Debugging Valgrind Errors

If you are using C++ in this course, Marmoset will run your submissions with Valgrind. Valgrind is a program that detects memory-related errors.

A common misconception is that Valgrind only detects memory leaks, and that if you don't use new in your program you shouldn't get Valgrind errors. Valgrind actually detects a number of memory errors other than leaks, such as uses or accesses of uninitialized memory. Additionally, there are ways you can leak memory even if you don't use new, such as if your program terminates improperly and is unable to clean up stack-allocated objects. Improper termination can be caused by uncaught exceptions or by using the exit function (which should not be used in C++).

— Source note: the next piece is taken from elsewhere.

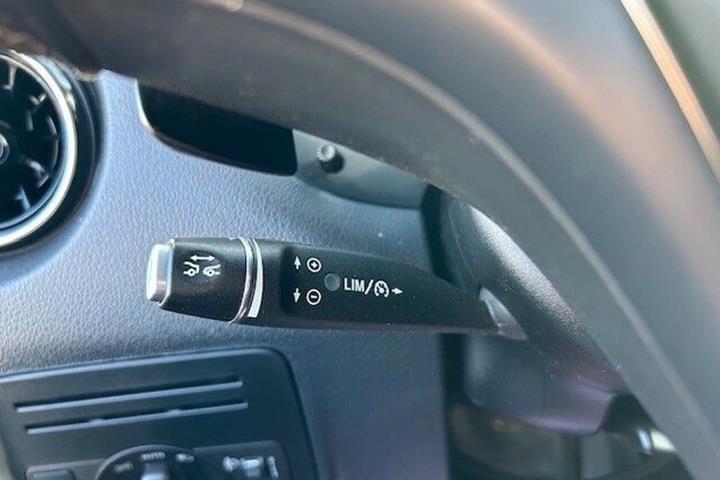 Rød Mercedes Vito 119 fra 2021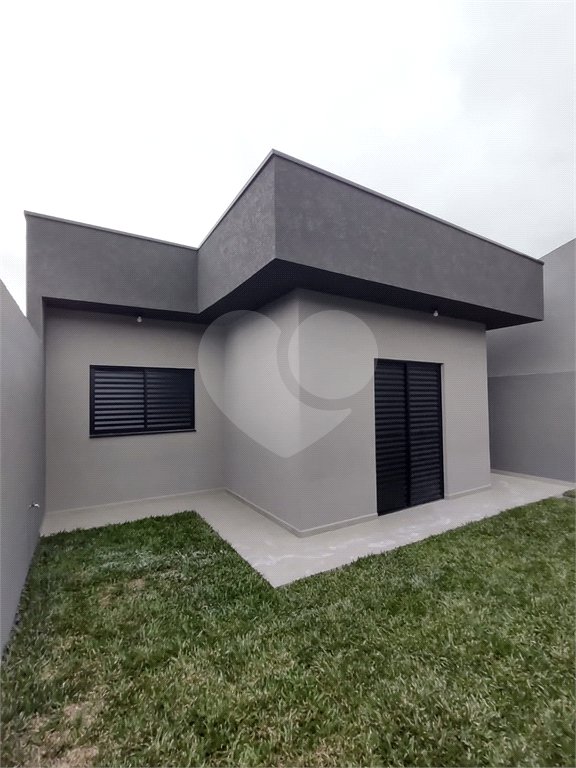 Casa Térrea à venda com 3 quartos, sendo 1 suíte,  no Centro, Bom Jesus dos Perdões, SP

Valgrind error messages can be quite long and intimidating. This guide is intended to give you an idea of how to handle these errors.

Table of Contents

General tips

Solve the first error

When confronted with a massive Valgrind report consisting of many errors, a good idea is to start by just solving the first error. Often memory errors compound, and one error will cause many other errors throughout the program. Solving the first error that Valgrind shows you will sometimes fix many other errors, possibly even all the errors. Pretend the error message consists only of the first error, and ignore everything else.

Look for function names and line numbers

If you compile your program with the -g flag, Valgrind will show you the function names and line numbers where errors occur. Sometimes the actual bug occurs on a different line (particularly for uninitialized value errors) but the line number Valgrind tells you is a good starting point.

For example, in this message, there was a use of an uninitialized value in the main function on line 6 of the program. The bug is probably not on line 6 itself but rather earlier in the program where the value was left uninitialized. However, looking at line 6 can give you an idea of which value might have been left uninitialized.

==98641== Conditional jump or move depends on uninitialised value(s)
==98641==    at 0x1091F3: std::vector, std::allocator >, std::allocator, std::allocator > > >::resize(unsigned long) (stl_vector.h:691)
==98641==    by 0x109016: main (program.cc:6)

Look for the last point in the stack trace where your program appears

Consider the following error:

==51205== Invalid read of size 8
==51205==    at 0x4F7B905: assign (basic_string.h:1439)
==51205==    by 0x4F7B905: std::__cxx11::basic_string, std::allocator >::operator=(char const*) (basic_string.h:705)
==51205==    by 0x108A3D: h() (program.cc:6)
==51205==    by 0x108A8A: g() (program.cc:9)
==51205==    by 0x108A96: f() (program.cc:11)
==51205==    by 0x108AA2: main (program.cc:14)
==51205==  Address 0x8 is not stack'd, malloc'd or (recently) free'd
Did the error happen on line 6, line 9, line 11, or line 14 of program.cc? Or did it happen somewhere in the C++ standard library?

Unless there's a bug in the C++ standard library, the error probably happened in your program. Furthermore, the error probably happened at the last point in the stack trace where your program appears.

In this case, we see that main called function f, then function f called function g, then function g called function h, and then function h did something with an assignment operator, which lead to an invalid read error. The problem is likely in function h, although you might still want to look elsewhere if you can't find any problems in h.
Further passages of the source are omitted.